El loco Nicolás
Don Nicolás Eugenio de Ponte y Hoyo era canario procedente de Tenerife. Fue nombrado por el rey Felipe III como Gobernador de Caracas y Capitán General de la Provincia de Venezuela. Se le designó al cargo en 1699, cuando tenía 32 años de edad, mereciendo elogios de sus contemporáneos a causa de sus buenas operaciones, procedimientos y desvelos, hasta que terminó su mandato al poco tiempo. Puesto que, en 1703, el hombre con fama de serio, circunspecto, juicioso y dueño de buena salud, se volvió loco.

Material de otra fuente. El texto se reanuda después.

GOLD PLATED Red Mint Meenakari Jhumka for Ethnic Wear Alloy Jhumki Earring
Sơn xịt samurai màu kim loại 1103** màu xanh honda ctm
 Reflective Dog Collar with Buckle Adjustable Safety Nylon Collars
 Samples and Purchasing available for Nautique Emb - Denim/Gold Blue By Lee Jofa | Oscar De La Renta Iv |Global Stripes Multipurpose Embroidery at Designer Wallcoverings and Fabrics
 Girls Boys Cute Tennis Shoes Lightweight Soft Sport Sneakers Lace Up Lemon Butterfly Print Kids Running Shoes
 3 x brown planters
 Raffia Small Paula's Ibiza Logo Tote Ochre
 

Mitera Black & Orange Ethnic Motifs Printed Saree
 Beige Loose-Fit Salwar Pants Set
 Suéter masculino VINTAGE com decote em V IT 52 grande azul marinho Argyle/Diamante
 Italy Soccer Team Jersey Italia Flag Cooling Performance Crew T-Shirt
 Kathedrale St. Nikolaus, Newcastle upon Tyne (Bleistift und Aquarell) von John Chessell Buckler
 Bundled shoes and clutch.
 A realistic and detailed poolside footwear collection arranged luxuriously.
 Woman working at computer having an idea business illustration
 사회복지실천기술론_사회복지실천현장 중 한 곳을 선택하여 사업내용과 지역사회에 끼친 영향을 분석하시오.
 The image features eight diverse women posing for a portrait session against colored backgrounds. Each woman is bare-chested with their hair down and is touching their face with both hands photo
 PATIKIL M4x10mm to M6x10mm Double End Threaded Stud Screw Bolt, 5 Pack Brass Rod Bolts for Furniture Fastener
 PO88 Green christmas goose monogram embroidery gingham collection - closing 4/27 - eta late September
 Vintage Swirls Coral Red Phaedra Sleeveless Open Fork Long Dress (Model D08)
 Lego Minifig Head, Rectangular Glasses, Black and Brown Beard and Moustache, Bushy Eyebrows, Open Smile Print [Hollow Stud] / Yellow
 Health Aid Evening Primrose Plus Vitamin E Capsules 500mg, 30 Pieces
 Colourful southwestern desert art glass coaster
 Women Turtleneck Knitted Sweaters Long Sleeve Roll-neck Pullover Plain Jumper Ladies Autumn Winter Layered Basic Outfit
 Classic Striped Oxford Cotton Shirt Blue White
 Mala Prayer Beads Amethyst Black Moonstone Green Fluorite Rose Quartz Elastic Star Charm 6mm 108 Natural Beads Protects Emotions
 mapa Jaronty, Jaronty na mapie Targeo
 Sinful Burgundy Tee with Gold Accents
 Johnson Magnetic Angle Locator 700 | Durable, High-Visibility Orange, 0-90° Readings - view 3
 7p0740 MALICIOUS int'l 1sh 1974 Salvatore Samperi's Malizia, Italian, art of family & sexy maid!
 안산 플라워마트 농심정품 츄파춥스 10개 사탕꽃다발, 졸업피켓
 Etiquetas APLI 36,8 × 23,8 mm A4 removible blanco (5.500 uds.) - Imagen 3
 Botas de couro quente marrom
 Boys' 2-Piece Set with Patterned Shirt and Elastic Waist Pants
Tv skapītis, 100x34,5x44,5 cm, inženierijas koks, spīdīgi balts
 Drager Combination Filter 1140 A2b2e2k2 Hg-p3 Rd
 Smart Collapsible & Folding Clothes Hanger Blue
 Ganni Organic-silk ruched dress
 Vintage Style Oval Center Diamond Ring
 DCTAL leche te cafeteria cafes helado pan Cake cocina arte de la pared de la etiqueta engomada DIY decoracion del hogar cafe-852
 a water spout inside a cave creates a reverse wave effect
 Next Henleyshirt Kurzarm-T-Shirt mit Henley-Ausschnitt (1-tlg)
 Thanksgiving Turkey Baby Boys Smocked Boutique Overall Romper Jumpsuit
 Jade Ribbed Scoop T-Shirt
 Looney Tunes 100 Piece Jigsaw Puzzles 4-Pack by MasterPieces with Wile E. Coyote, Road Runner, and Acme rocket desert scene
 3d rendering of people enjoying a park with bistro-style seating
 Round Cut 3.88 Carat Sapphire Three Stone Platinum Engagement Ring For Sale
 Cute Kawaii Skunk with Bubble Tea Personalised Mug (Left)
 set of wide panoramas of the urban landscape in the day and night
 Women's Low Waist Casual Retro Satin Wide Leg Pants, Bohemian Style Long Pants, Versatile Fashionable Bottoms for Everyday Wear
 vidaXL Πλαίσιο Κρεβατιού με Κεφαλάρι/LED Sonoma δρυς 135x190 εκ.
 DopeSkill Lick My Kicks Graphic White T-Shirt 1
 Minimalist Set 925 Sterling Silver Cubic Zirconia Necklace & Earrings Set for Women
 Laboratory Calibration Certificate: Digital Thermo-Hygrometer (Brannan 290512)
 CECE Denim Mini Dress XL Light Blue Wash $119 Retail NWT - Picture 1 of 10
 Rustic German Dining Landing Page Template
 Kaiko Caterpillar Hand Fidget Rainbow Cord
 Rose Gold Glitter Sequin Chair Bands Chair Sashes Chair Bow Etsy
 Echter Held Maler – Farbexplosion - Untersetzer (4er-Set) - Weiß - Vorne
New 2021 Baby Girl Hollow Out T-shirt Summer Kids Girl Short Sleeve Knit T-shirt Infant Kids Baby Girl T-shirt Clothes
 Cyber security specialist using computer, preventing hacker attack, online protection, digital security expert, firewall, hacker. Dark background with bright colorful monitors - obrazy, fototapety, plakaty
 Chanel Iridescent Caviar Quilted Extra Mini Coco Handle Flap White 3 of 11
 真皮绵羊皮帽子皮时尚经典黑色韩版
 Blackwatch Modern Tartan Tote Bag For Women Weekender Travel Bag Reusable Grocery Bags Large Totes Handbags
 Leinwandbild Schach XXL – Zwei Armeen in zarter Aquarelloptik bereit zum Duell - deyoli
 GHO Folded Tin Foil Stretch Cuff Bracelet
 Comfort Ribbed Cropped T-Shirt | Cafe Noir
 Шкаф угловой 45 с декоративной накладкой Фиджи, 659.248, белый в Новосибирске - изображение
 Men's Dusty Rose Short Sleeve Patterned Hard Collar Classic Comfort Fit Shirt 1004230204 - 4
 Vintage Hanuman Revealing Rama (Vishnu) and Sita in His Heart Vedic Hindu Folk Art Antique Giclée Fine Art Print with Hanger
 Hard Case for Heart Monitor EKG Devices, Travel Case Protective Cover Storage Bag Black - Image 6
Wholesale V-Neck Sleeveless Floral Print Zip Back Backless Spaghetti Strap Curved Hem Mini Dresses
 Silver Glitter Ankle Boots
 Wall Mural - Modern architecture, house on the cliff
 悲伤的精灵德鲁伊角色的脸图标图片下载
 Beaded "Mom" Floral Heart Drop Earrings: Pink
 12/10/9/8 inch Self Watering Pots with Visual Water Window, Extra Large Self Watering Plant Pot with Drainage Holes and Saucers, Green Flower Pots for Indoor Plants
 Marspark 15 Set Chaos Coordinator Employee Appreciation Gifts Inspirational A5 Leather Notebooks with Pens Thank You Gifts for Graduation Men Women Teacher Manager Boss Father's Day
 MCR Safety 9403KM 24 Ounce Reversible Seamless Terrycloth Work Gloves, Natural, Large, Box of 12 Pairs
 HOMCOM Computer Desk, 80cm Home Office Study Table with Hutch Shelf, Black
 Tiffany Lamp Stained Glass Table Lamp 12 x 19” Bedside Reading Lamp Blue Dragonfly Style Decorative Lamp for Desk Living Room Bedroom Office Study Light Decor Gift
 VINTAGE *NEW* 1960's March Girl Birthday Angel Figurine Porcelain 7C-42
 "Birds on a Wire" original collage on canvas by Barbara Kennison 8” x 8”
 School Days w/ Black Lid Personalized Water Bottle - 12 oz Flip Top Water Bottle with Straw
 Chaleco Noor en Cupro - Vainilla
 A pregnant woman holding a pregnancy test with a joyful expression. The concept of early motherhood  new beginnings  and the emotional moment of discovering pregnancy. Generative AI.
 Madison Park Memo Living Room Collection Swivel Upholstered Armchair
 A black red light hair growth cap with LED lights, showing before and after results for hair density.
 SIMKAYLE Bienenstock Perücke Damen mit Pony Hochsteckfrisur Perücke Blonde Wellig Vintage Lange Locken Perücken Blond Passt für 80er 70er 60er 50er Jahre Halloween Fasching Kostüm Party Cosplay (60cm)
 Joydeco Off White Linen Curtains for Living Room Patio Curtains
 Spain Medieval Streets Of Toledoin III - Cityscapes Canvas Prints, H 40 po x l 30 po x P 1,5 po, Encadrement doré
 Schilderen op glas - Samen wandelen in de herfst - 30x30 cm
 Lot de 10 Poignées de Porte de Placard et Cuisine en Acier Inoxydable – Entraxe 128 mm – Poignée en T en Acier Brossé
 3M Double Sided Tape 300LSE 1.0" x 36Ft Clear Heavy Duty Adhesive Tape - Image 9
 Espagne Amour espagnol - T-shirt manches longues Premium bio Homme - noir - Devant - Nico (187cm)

Una tarde, los transeúntes de la plaza mayor lo vieron asomar su cara pálida e impasible por la ventana. Mirada distante, ojos perdidos en el vacío, una mano en la mejilla, y suspirando aires de tristeza durante horas. Al día siguiente pasó lo mismo y continuó sucediendo hasta que la gente empezó a comentar que el pobrecito estaba perdiendo la cordura.
Esa melancolía no tardó en llevarlo a un estado de demencia absoluta. Olvidaba nombres, fechas, o dónde había guardado llaves o documentos. Esa condición mental sembró perplejidad y miedo entre los caraqueños, que no entendían a cuál autoridad manifestarle sus inquietudes sobre el caso.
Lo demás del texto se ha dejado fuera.